Javier García Fernández, catedrático de Derecho Constitucional de la Universidad Complutense de Madrid, planteaba de nuevo hace unos días en un interesante artículo en El País el tema de la reforma de la ConstituciónPara proceder a la revisión del texto, dice en él, es necesaria una negociación específica con los partidos catalanes independentistas pero más complejo todavía resulta el momento que se elija y el grado de consenso parlamentario que se alcance. 

Cuando la vicepresidenta del Gobierno, continúa diciendo, compareció en la Comisión Constitucional del Congreso el pasado 1 de diciembre, la reforma de la Constitución dejó de ser un tabú en el PP. Debemos celebrarlo lamentando que la cuestión no se desbloqueara en la legislatura 2011-2015, cuando pudo hacerse una reforma constitucional serena y con suficiente fuerza parlamentaria. No obstante, el desbloqueo, la reforma constitucional sigue suscitando dudas, especialmente sobre cómo y cuándo debe realizarse.

Antes de hablar del cómo y del cuándo debemos referirnos al para qué, añade. La reforma constitucional se sitúa actualmente en un punto intermedio entre quienes creen que no se debe cambiar nada y quienes quieren abrir un nuevo proceso constituyente como el de 1977-1978. A los primeros se les debe recordar que la Constitución es ante todo una norma jurídica y de la misma manera que es necesario reformar cada cierto tiempo el Código Civil o la Ley Hipotecaria para asegurar la eficacia de estas grandes leyes, la Constitución necesita siempre reformas que aseguren su perdurabilidad como expresión del pacto político del que trae causa. Y a quienes quieren abrir un nuevo proceso constituyente conviene recordarles que el “régimen de 1978” es el período que más democracia y más bienestar ha dado a los españoles en toda su historia constitucional, régimen que posibilita que concurran a las elecciones quienes lo quieren transformar, destruir o banalizar.
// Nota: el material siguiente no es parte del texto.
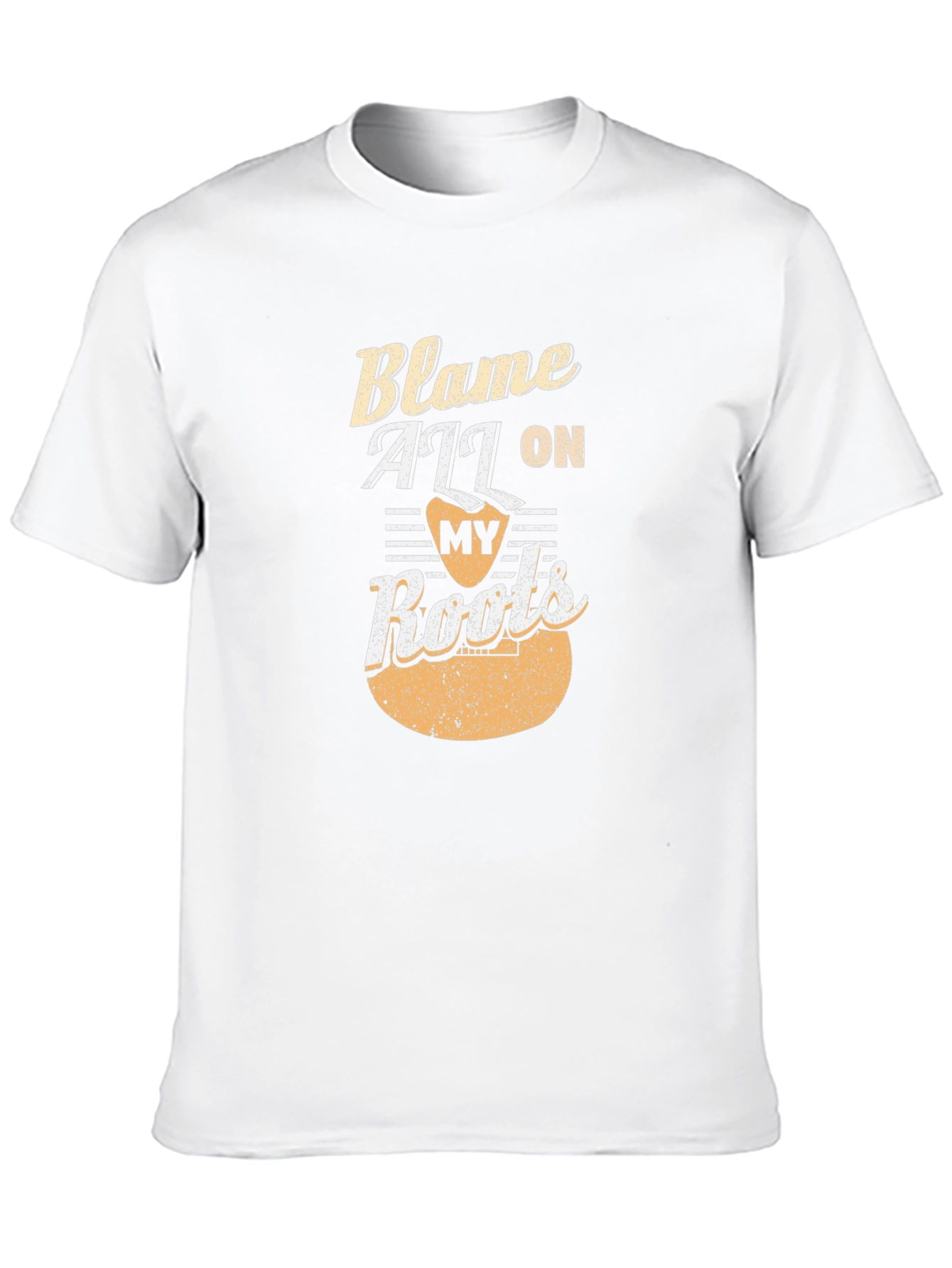 Blame All On My Roots Graphic Tee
Esta posición intermedia, comenta, entre quienes no quieren cambiar nada y quienes quieren cambiar todo, ayuda a entender cuál debe ser el alcance de la reforma. La Constitución tiene Títulos muy bien elaborados como el II (Corona), el IV (Gobierno), el V (relaciones Gobierno-Cortes) y el IX (Tribunal Constitucional), por lo que los cambios, a veces simples retoques, aunque necesarios, no deberían ser numerosos. Otras materias, como los derechos fundamentales, el gobierno del Poder Judicial y la organización territorial, pueden necesitar más cambios. Pero no pensemos que una reforma constitucional comporta abrir en canal la Constitución porque no es necesario y probablemente se perdería parte de su excelente y progresista contenido.
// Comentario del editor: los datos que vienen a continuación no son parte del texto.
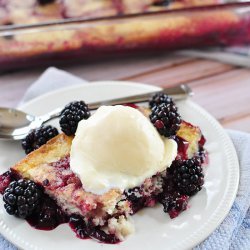 Best Blackberry Cobbler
Se abre, pues, el tiempo de la reforma constitucional pero deberíamos aprender de las experiencias pasadas. La reforma que impulsó el Gobierno de Rodríguez Zapatero a partir de 2004 era una reforma sensata y políticamente inocua, asumible por la derecha y por la izquierda. Pero fracasó porque se politizó ab initio y se incluyó en el programa electoral del PSOE y en el programa de gobierno del candidato Rodríguez Zapatero, lo que situó al PP en la cómoda posición de negarle su respaldo y hacerla fracasar. Y también fracasó porque el propio Gobierno renunció a elaborarla y delegó en el Consejo de Estado, que al cabo de casi un año publicó un excelente informe —con trabajos académicos complementarios— pero ofreció demasiado tarde el texto articulado que se necesitaba. De aquel fracaso debería aprenderse, renunciando a crear comisiones de trabajo con llamamiento de expertos, como ya se ha propuesto con cierta ingenuidad, porque el trabajo en comisiones parlamentarias con apoyo de expertos suele conducir al fracaso político por exceso de debate y de lucimiento, cuando no de confrontación. Por el contrario, si se quiere realmente la reforma constitucional, el Gobierno debería nombrar a un secretario de Estado o a un ministro sin cartera sin otra función que la de prepararla discretamente, dialogando con los partidos favorables a la reforma, cerrando temas conflictivos y elaborando un proyecto asumible por unos y otros. De forma discreta, repito, sin publicidad, sin anuncios en las redes sociales y sin dar pie a que cada partido venda sus propuestas como si se tratara de los diez mandamientos. Comprendo que este procedimiento no interese a quienes no hacen otra política que la del espectáculo vano, pero la Constitución es una norma jurídica que se debe reformar con prudencia y sin pretender obtener réditos políticos inmediatos.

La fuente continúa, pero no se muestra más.